▶ RECORDED INFORMATION

========================================================================

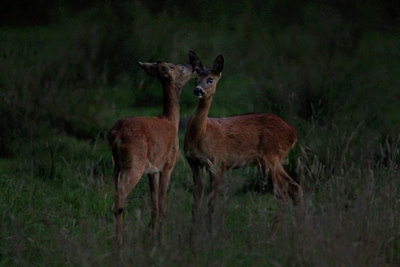 BUITEN BEELD Foto: 134263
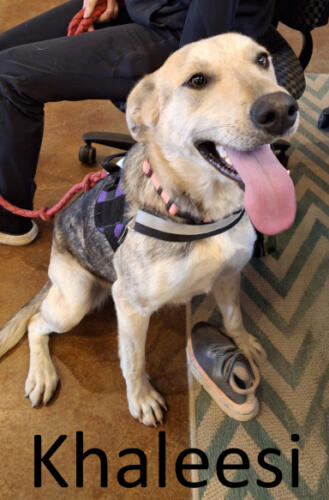 Stone County Humane Society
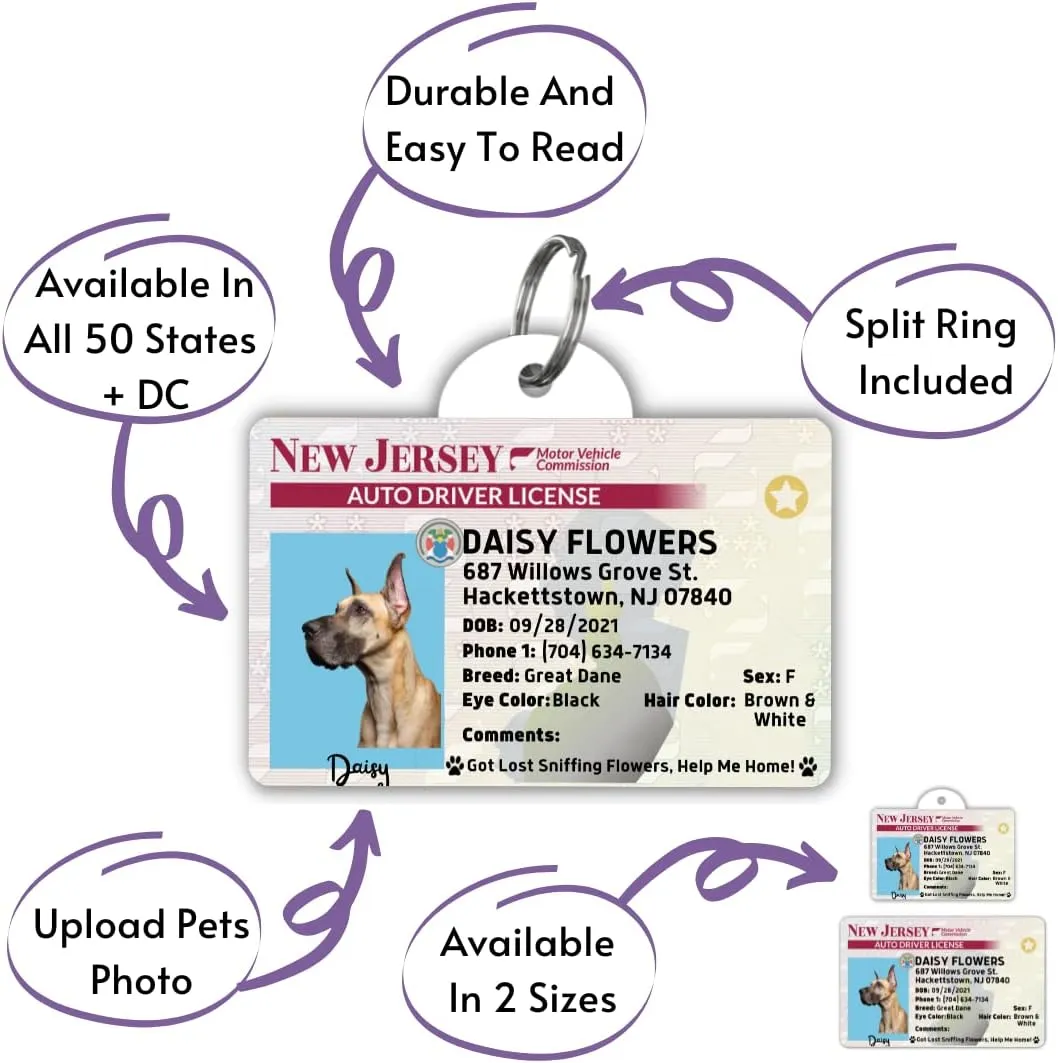 PawFurEver Custom Large Breed Dog ID Tag - Personalized Pet License - Funny Dog ID Tags & Card in New Jersey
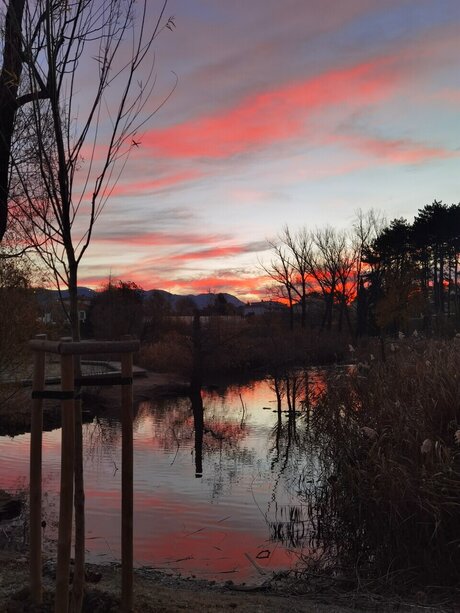 BlueGirl onlyfans porn nude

========================================================================

▶ REQUIRED WORK
Only the lines from the one with "Stone County Humane Society" to the end of the listing, both ends included, should be retyped exactly; no pictures belong in the copy.

▶ EXERCISE RESULT
 Stone County Humane Society
 PawFurEver Custom Large Breed Dog ID Tag - Personalized Pet License - Funny Dog ID Tags & Card in New Jersey
 BlueGirl onlyfans porn nude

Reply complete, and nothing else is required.